For the kiddos. And for Mama.

Sitting on the dock of the bay

Mother was having a bit of stressed-out day, so Liz surprised her pre-birthday party by sprucing up her deck table – and, as you can see from the smile, her mood. Ben gave her a certificate to power wash her deck, so it'll soon be even sprucier.

Mother was having a bit of stressed-out day, so Liz surprised her pre-birthday party by sprucing up her deck table – and, as you can see from the smile, her mood. Ben gave her a birthday certificate to power wash her deck, so it’ll soon be even sprucier.

And then there’s my mother, also known as Grandma, Grammy and Willette. She may not quite be sitting on the dock of the bay, but she is spending lots of time on her deck by the lake these days, for which her family is ever so grateful. She turned 79 Monday (we had a party at her house Saturday). We’re grateful for that, too.

The move from the outback to the house on the lake in town (which was all her decision, for the record) was harder on her than we can ever imagine – not only did she downsize and leave the house she built for her and Bill to grow old in, but she did it on her own. Made her own decisions, got utilities in her own name. Of course we helped her a lot, but Mother, who married Daddy at 17 and married Bill 13 months after Daddy died, has been on her own now longer than she ever has.

She looks like a million bucks and a much younger woman, but, truth be told, her health is much less than stellar. She gets flustered and frustrated, but when her blood counts are acceptable, she’s usually pretty chipper. And still very funny.

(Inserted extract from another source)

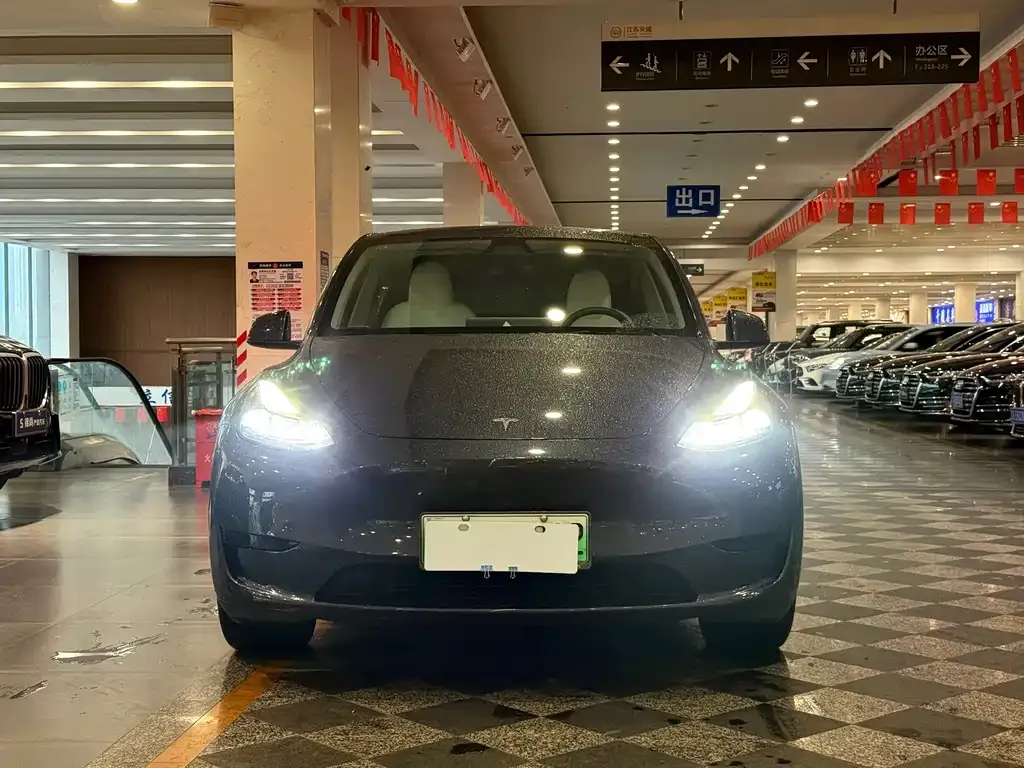 Tesla Model Y — фото 6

Resilience is the word that comes to mind. But with age you lose some of your fearlessness and confidence – it’s a pretty natural progression but still hard to watch for the family. Mother has always been a fireball.

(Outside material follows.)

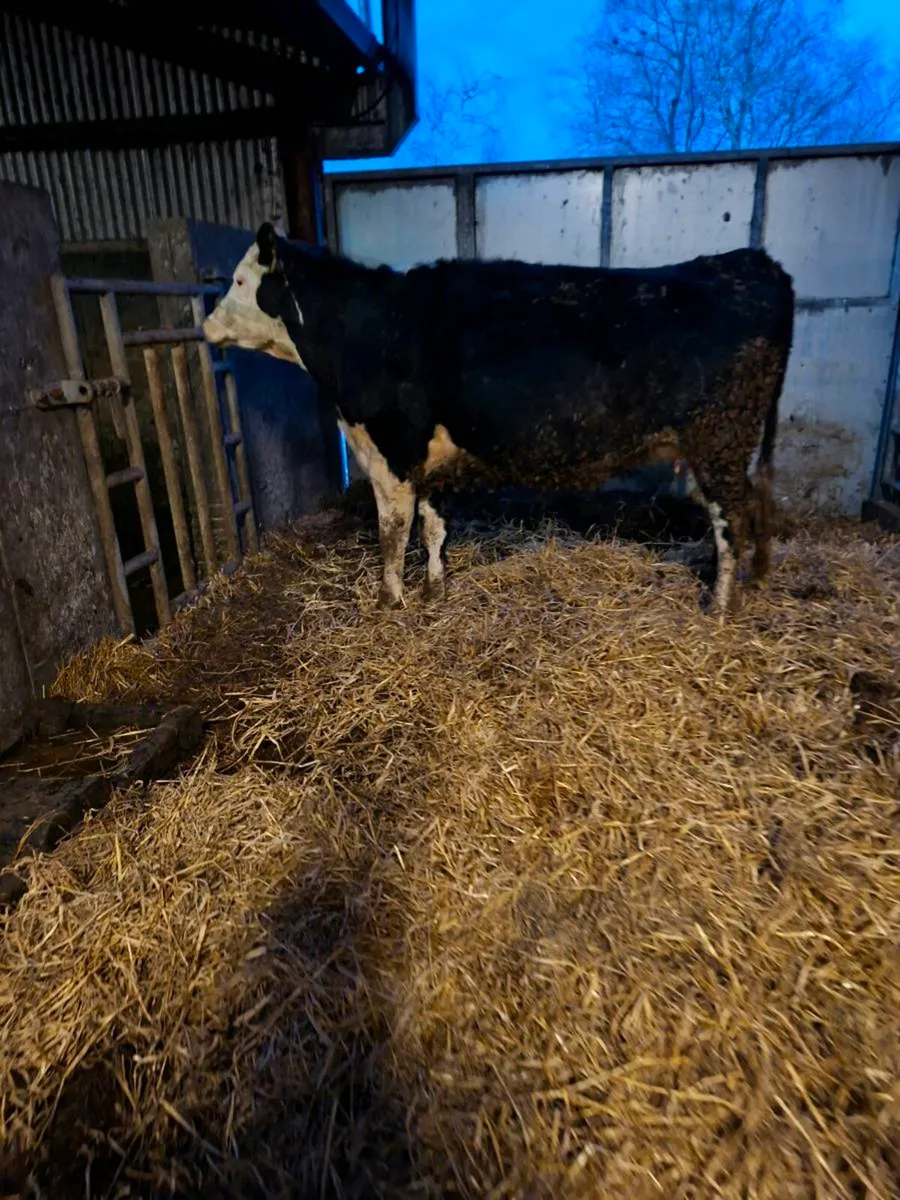 Hereford springer - Image 1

Anyway, back to the party.

Annabelle, Sylvia and Grammy, three beautiful girls.

Annabelle, Sylvia and Grammy, three beautiful girls.

Shortly after we got there, Mother called everyone to attention and said she’d made a frozen drink called “Red Rooster” (cranberry juice cocktail, orange juice and Tito’s Handmade Vodka – she’d heard the recipe at one of her doctor’s appointments) and commanded all the adults to get a serving because she had something to say.

We happily obliged, and, Mother being Mother, were ready for anything, but I secretly hoped it wasn’t bad health news.

“I made this,” she told us, “because I want to thank you all for all your help during my move – for all you’ve done. And to apologize for the times I’ve been heinous ….”

I said she had never been heinous, but it was hard for all of us not to laugh at her use of the word. Out of the mouths of great-grandmothers!

I did almost choke later that evening, when John, who of course hadn’t been wearing his hearing aid at the party, told me that at first he’d thought Mother was being awfully hard on herself when she apologized for “the times she’d been an anus.”

Pop and Silas – two guys who crack me up.

Pop and Silas – two guys who crack me up.

Mother blows out her candles, with long-distance assistance from Annabelle. Jude saw the cake that said, "Happy birthday, Mother," and asked Cathy, "Who's Mother?" He thought it was Grammy's birthday.

Mother blows out her candles, with long-distance assistance from Annabelle. Jude saw the cake that said, “Happy birthday, Mother,” and asked Aunt Cathy, “Who’s Mother?” He thought it was Grammy’s birthday.

Monday, on her real birthday, July 7, Mother and I went to buy her an iPad. She also got an “iPad for Seniors” book (with slightly larger text and lots of photos) and a turquoise iPad cover.

We’d tossed Bill’s clunky Dell computer, which Mother hated and feared, when we moved her out of the old house. She already had wifi, though, and an email address set up, so in no time her new toy was up and running. She’s been wanting to text for a long time, but with her rheumatoid arthritis, texting on a phone is out of the question, so the iPad is perfect for that. And she can check her email, look at photos of the kids, use her Google app to look things up and play solitaire on the app we downloaded.

Mother learns to text on her 79th birthday.

Mother learns to text on her 79th birthday.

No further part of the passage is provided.